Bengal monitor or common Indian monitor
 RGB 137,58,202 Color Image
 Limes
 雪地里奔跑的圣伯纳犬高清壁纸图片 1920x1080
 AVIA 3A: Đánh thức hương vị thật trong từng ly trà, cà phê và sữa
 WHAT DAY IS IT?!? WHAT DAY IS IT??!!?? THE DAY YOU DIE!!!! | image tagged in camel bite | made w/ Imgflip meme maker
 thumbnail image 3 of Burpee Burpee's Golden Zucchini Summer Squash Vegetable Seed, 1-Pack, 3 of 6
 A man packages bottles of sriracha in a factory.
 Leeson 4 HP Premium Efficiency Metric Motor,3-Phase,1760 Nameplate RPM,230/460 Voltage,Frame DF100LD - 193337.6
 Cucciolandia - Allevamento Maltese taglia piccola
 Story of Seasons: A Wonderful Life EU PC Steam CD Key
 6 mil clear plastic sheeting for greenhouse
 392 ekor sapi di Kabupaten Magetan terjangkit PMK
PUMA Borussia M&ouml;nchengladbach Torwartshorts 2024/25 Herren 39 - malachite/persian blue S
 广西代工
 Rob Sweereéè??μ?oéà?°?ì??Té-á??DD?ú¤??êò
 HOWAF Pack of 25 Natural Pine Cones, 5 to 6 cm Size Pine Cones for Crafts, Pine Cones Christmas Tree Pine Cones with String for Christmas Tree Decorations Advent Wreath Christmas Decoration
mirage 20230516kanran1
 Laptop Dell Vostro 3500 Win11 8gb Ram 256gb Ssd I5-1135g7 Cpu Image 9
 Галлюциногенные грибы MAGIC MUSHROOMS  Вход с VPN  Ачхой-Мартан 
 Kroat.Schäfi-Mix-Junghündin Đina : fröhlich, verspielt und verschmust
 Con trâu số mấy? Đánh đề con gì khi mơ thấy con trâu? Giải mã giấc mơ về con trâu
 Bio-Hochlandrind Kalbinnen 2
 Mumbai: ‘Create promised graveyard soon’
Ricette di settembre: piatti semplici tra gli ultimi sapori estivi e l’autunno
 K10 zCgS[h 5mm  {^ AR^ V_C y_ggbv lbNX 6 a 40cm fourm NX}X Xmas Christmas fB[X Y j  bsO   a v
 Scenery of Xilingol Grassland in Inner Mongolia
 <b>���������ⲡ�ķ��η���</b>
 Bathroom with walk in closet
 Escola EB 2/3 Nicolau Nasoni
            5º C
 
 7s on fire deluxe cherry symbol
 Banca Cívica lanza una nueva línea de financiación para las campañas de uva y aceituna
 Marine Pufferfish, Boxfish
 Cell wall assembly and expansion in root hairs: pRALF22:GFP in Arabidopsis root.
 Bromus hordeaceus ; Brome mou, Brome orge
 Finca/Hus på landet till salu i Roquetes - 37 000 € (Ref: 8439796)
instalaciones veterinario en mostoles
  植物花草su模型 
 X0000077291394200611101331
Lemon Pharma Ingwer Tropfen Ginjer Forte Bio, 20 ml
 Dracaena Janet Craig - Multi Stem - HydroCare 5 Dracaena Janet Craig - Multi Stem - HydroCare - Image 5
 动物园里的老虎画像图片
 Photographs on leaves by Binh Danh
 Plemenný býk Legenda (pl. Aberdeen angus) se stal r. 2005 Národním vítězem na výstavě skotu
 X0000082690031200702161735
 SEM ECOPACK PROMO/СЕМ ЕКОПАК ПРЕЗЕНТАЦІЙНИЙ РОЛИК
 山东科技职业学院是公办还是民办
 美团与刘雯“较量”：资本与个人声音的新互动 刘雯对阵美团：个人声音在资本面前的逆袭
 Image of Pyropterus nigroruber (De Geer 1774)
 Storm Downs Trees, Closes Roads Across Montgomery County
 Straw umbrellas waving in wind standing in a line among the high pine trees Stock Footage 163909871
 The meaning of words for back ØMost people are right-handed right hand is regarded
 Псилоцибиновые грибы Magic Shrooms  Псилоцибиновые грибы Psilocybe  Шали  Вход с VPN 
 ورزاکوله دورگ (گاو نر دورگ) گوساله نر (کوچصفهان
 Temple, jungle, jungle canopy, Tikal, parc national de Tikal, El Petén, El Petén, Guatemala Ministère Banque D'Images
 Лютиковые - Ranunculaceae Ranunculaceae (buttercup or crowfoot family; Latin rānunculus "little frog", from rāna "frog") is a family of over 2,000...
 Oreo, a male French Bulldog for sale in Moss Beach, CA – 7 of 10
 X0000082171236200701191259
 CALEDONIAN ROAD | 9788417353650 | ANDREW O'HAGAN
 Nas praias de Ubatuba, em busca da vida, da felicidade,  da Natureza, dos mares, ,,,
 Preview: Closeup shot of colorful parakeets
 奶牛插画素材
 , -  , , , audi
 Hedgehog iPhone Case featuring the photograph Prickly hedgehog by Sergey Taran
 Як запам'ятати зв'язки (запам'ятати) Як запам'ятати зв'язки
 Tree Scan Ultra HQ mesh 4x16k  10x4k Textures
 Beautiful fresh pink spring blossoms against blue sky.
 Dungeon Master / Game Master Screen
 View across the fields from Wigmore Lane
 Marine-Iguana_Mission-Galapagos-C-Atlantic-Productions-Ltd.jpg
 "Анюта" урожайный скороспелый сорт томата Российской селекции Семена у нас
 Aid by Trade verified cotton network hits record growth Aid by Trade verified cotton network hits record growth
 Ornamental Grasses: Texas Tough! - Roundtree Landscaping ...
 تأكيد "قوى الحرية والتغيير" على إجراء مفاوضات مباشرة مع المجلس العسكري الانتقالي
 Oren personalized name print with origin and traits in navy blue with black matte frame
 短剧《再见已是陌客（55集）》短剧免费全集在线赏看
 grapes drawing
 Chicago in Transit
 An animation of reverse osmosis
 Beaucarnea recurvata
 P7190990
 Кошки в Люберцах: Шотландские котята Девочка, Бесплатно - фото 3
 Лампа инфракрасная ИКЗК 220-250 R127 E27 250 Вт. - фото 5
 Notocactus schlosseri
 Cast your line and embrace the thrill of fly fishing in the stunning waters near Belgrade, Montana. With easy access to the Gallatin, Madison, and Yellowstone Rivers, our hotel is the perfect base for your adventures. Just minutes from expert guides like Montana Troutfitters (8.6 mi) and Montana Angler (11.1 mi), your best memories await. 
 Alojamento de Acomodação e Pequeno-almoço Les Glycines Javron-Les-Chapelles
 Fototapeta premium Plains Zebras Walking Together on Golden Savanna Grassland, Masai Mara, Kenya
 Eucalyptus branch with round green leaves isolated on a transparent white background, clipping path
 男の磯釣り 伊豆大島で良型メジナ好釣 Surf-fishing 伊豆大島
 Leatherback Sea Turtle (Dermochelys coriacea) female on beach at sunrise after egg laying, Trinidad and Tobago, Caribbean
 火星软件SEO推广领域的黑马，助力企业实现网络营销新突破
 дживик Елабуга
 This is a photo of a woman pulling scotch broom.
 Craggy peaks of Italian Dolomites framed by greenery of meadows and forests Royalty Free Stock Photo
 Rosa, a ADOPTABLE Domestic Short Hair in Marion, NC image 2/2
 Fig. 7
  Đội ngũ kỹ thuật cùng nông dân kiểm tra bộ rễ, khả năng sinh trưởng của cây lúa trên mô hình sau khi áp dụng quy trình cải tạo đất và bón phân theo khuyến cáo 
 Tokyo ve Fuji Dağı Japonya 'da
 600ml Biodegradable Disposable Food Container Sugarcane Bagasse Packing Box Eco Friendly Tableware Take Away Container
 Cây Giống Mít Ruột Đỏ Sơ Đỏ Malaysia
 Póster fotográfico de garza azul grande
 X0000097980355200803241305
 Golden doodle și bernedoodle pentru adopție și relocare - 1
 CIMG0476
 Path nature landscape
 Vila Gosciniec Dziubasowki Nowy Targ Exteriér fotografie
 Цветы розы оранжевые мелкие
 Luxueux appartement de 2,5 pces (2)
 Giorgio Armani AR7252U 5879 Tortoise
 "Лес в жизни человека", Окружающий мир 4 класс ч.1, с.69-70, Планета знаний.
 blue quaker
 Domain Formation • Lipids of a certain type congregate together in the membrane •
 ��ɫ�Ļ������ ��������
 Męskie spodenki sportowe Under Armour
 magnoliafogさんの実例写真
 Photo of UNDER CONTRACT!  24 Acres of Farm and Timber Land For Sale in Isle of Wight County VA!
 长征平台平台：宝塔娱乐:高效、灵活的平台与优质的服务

☆ ☆ ☆ ☆ ☆ ☆ ☆

* Problem *
Set down the lines of the records exactly, from the first one through the line containing "Ricette di settembre: piatti", and add nothing else.

* Your solution *
Bengal monitor or common Indian monitor
 RGB 137,58,202 Color Image
 Limes
 雪地里奔跑的圣伯纳犬高清壁纸图片 1920x1080
 AVIA 3A: Đánh thức hương vị thật trong từng ly trà, cà phê và sữa
 WHAT DAY IS IT?!? WHAT DAY IS IT??!!?? THE DAY YOU DIE!!!! | image tagged in camel bite | made w/ Imgflip meme maker
 thumbnail image 3 of Burpee Burpee's Golden Zucchini Summer Squash Vegetable Seed, 1-Pack, 3 of 6
 A man packages bottles of sriracha in a factory.
 Leeson 4 HP Premium Efficiency Metric Motor,3-Phase,1760 Nameplate RPM,230/460 Voltage,Frame DF100LD - 193337.6
 Cucciolandia - Allevamento Maltese taglia piccola
 Story of Seasons: A Wonderful Life EU PC Steam CD Key
 6 mil clear plastic sheeting for greenhouse
 392 ekor sapi di Kabupaten Magetan terjangkit PMK
PUMA Borussia M&ouml;nchengladbach Torwartshorts 2024/25 Herren 39 - malachite/persian blue S
 广西代工
 Rob Sweereéè??μ?oéà?°?ì??Té-á??DD?ú¤??êò
 HOWAF Pack of 25 Natural Pine Cones, 5 to 6 cm Size Pine Cones for Crafts, Pine Cones Christmas Tree Pine Cones with String for Christmas Tree Decorations Advent Wreath Christmas Decoration
mirage 20230516kanran1
 Laptop Dell Vostro 3500 Win11 8gb Ram 256gb Ssd I5-1135g7 Cpu Image 9
 Галлюциногенные грибы MAGIC MUSHROOMS  Вход с VPN  Ачхой-Мартан 
 Kroat.Schäfi-Mix-Junghündin Đina : fröhlich, verspielt und verschmust
 Con trâu số mấy? Đánh đề con gì khi mơ thấy con trâu? Giải mã giấc mơ về con trâu
 Bio-Hochlandrind Kalbinnen 2
 Mumbai: ‘Create promised graveyard soon’
Ricette di settembre: piatti semplici tra gli ultimi sapori estivi e l’autunno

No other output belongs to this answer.